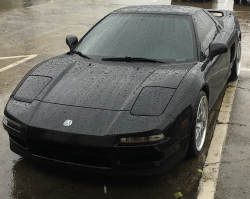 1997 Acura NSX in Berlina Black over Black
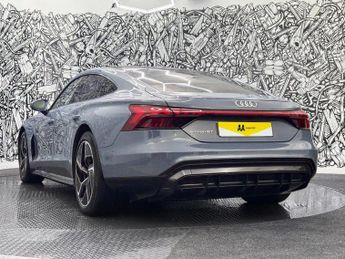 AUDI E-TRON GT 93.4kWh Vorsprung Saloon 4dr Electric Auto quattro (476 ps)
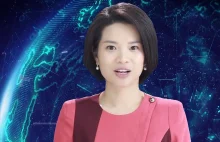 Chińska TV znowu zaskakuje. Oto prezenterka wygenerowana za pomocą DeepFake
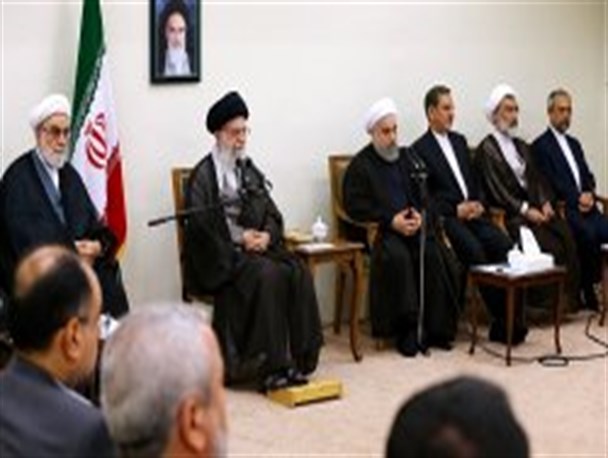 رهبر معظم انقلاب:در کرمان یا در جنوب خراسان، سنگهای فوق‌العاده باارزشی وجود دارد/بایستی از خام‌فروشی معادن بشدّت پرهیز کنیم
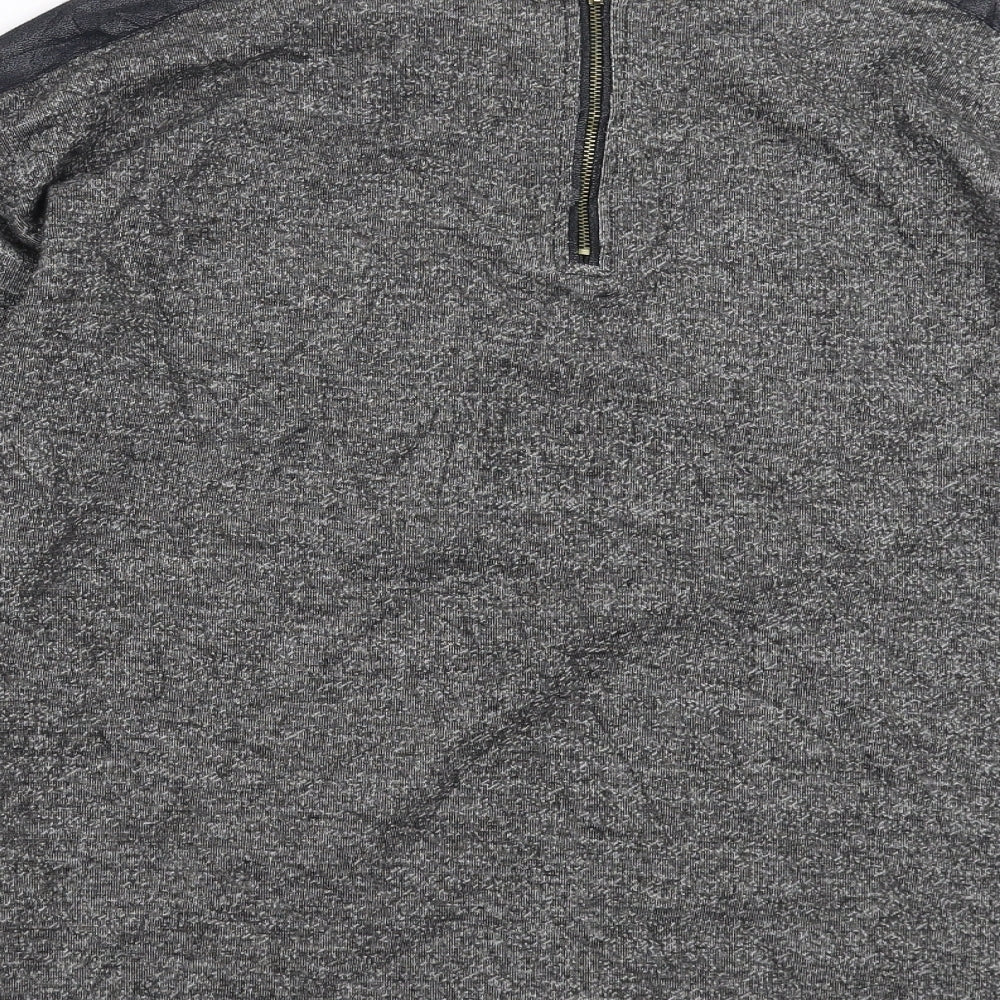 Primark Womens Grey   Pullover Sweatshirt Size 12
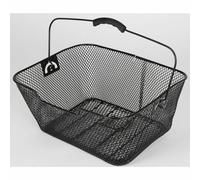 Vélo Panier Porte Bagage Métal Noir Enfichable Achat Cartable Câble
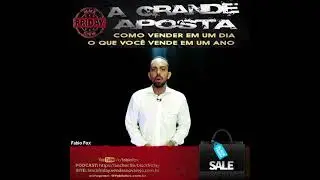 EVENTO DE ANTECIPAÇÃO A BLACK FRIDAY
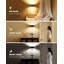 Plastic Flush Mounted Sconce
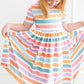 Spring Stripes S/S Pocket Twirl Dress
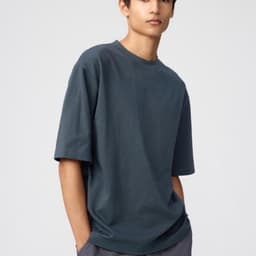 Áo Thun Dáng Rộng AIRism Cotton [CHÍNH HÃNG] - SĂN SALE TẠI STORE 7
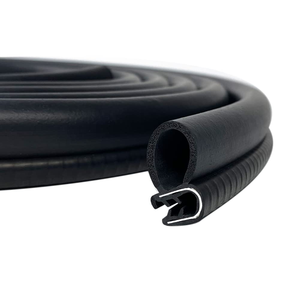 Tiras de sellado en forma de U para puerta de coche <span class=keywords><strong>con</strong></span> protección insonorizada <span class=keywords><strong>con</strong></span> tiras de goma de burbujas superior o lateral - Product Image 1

================================

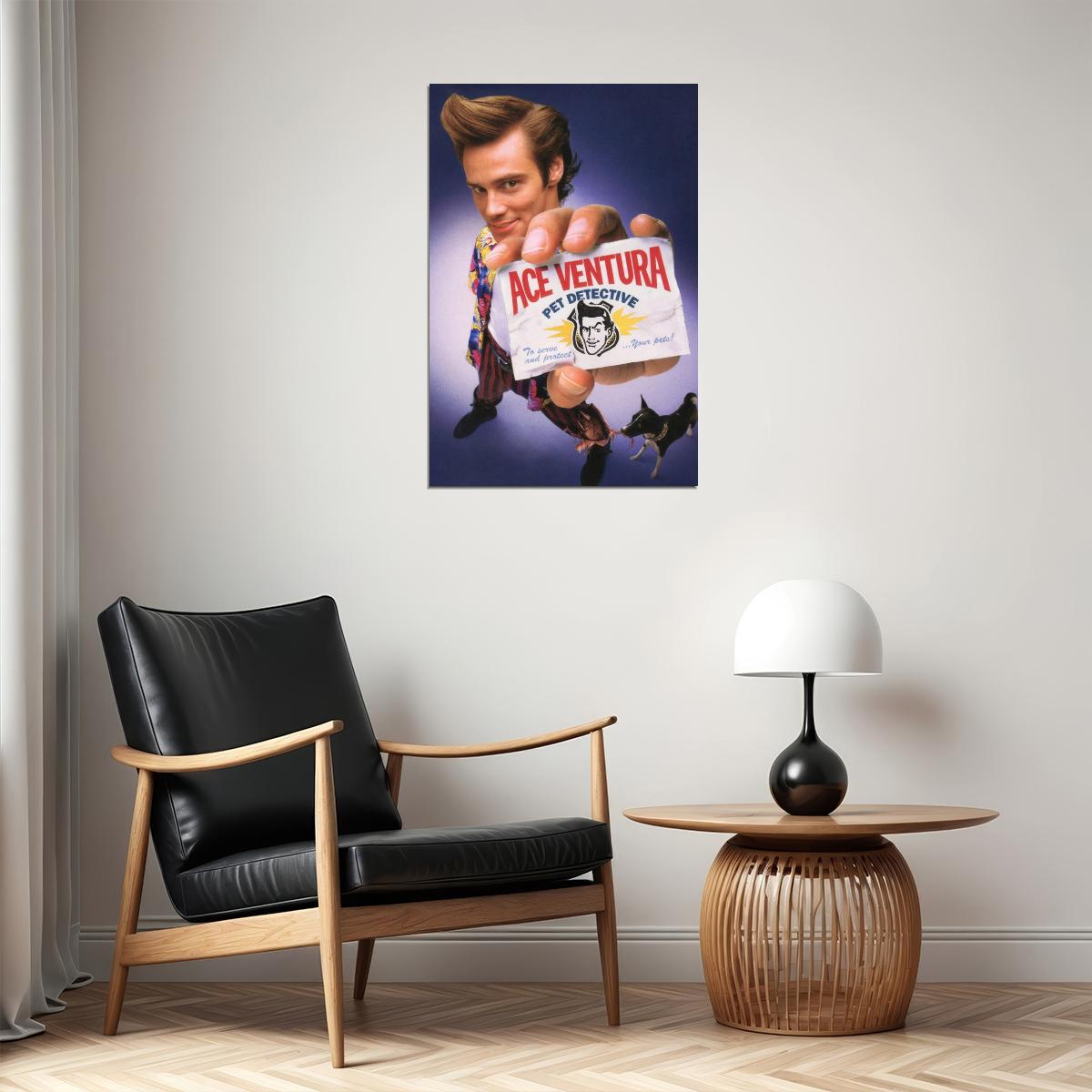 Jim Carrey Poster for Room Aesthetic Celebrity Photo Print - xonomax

================================

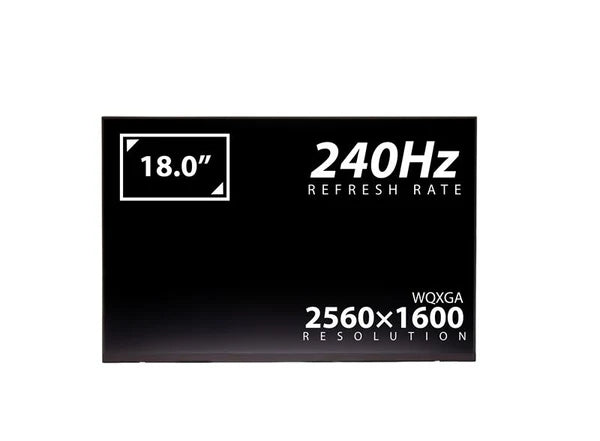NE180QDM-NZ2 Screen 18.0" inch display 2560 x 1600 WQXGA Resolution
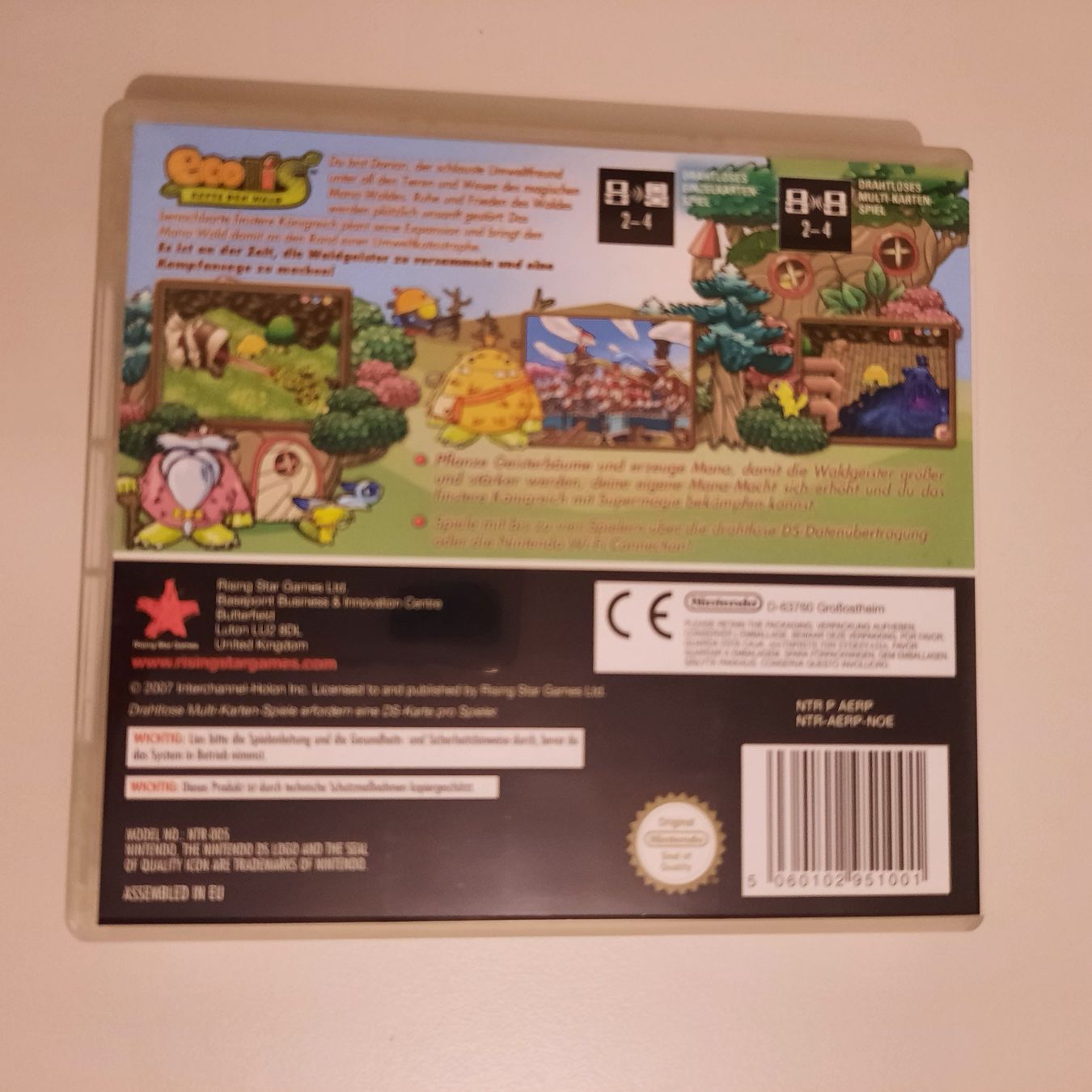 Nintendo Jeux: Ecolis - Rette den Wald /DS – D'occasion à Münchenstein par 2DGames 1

================================

## [What you should do]
Only the lines above from the one with "1997 Acura NSX in Berlina Black over Black" to the one with "Áo Thun Dáng" should be printed, both included and exactly as written; no picture belongs in the copy.

## [Written answer]
 1997 Acura NSX in Berlina Black over Black
 AUDI E-TRON GT 93.4kWh Vorsprung Saloon 4dr Electric Auto quattro (476 ps)
 Chińska TV znowu zaskakuje. Oto prezenterka wygenerowana za pomocą DeepFake
 رهبر معظم انقلاب:در کرمان یا در جنوب خراسان، سنگهای فوق‌العاده باارزشی وجود دارد/بایستی از خام‌فروشی معادن بشدّت پرهیز کنیم
 Primark Womens Grey   Pullover Sweatshirt Size 12
 Vélo Panier Porte Bagage Métal Noir Enfichable Achat Cartable Câble
 EVENTO DE ANTECIPAÇÃO A BLACK FRIDAY
 Plastic Flush Mounted Sconce
 Spring Stripes S/S Pocket Twirl Dress
 Áo Thun Dáng Rộng AIRism Cotton [CHÍNH HÃNG] - SĂN SALE TẠI STORE 7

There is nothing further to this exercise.